Direct taxes are those taxes that are imposed by the government on the income and the property of an individual or a company and this tax cannot be transferred from one entity to another but one has to pay it directly to the government. Against this indirect taxes can be shifted from one entity to another and this one is imposed on the consumption expenditure, which is whenever somebody buys or consumes some goods or services. It can be transferred from the seller to the consumer and others in the supply chain.
Under direct tax we have:
- Income Tax
- Corporate Tax
- Wealth Tax
- Capital gain Tax
Thus, these are all the taxes that are levied on the property and the income of the individual.
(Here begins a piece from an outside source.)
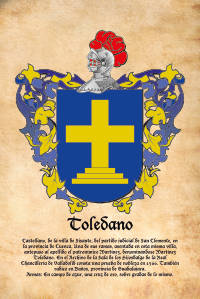 Escudo heráldico del apellido TOLEDANO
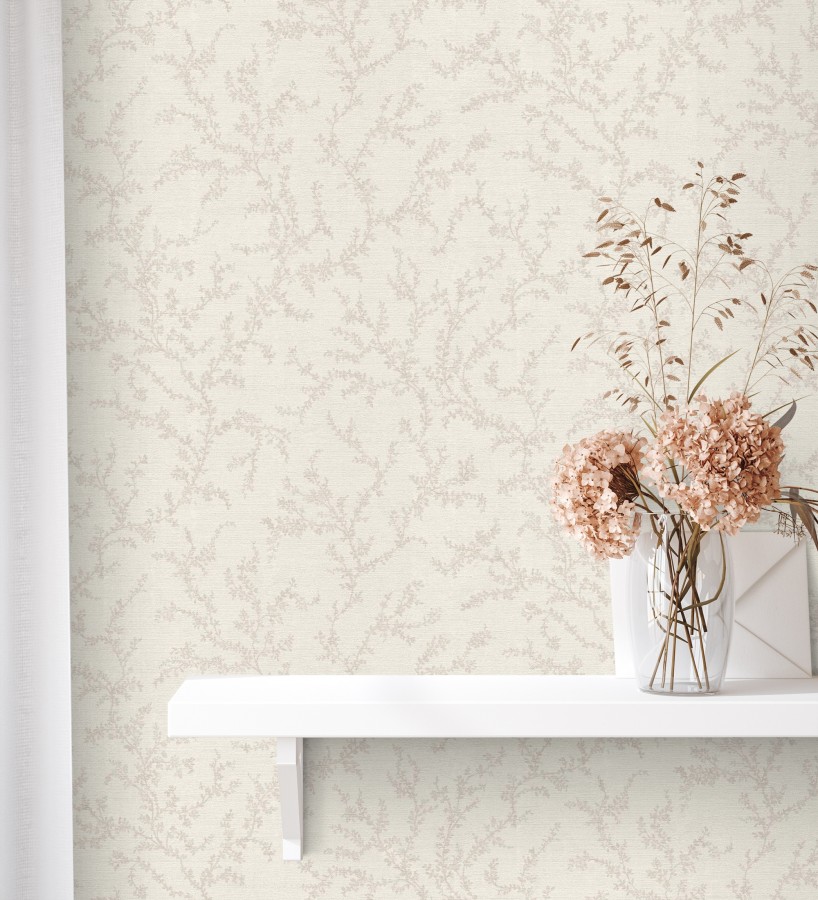 Papel pintado ramas sutiles color beige neutro relieve textil  Margot Delicate 684829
Whereas for indirect tax we have all the taxes that are levied on the consumption of goods and services so under indirect tax we have only the GST (Goods and Services Tax) which is a single unified tax for the indirect taxes in the country. Earlier we used to have a number of indirect taxes like exercise duty, value-added tax, sound duty etc.
So all these tax provide revenue receipts for the government. These are all one-way transaction or one-way receipt for the government and the government has no liability or no need to pay it back.
Also we will note that corporate tax has a major share in the total tax that the government collects. In fact, a corporate tax and income tax constitutes one-third of the government earnings.
All revenues apart from tax revenues come under the non-tax revenue. The first item under it is Interest Receipts that are when the government gives loans to the state government and union territories or foreign government or to the public sector companies. The interest that it earns from those loans comes under the Interest receipts. Next one is the Profits and the Dividends that the government earns from the public sector enterprises and other such investments. Next item is the Fees; these are the charges that the government imposes when it is providing some services for the people, for example, the registration fees for vehicle license or land or the court fees. Then we have the License Fee, these are the fee when the government provides the right to explore a particular area for a particular period of time. Another item is Fine and Penalties; these are imposed whenever the rules and regulations of the government is broken. Last is Gift and Grants which the government receives from international institutions or foreign government.
Hence, all these revenues are one-way transactions and the government has any liability to pay it back nor does it result in any loss of revenue.
Key Differences between Capital Receipts and Revenue Receipts
- Any receipt that either creates a liability of the government is under capital receipt. Opposite to the capital receipt is the revenue receipt which is the receipt that doesn’t create any liability. So all those receipts which do not have any liability to pay it back come under the revenue receipt
- Capital receipt leads to a reduction in the asset of the government. Whereas when the assets of government are not reduced we get revenue receipts.
- Revenue receipts are the regular sources of revenue of the government but the capital receipts are irregular sources of revenue.
- Capital receipts are non-reoccurring in nature however revenue receipts are reoccurring in nature.
Broadly budget has two parts; expenditure side and receipt side. The expenditure is classified into two components; the capital expenditure and the revenue expenditure. Similarly, receipts have two components; the capital receipt and the revenue receipt. Budget receipts give its estimated money income that a government will receive from all its sources in a given financial year.
So we have seen broadly the items under revenue receipts and capital receipts which are budgetary terms. The central government makes the budget of a country for a financial year which plays a very important role in the fiscal policy of the government.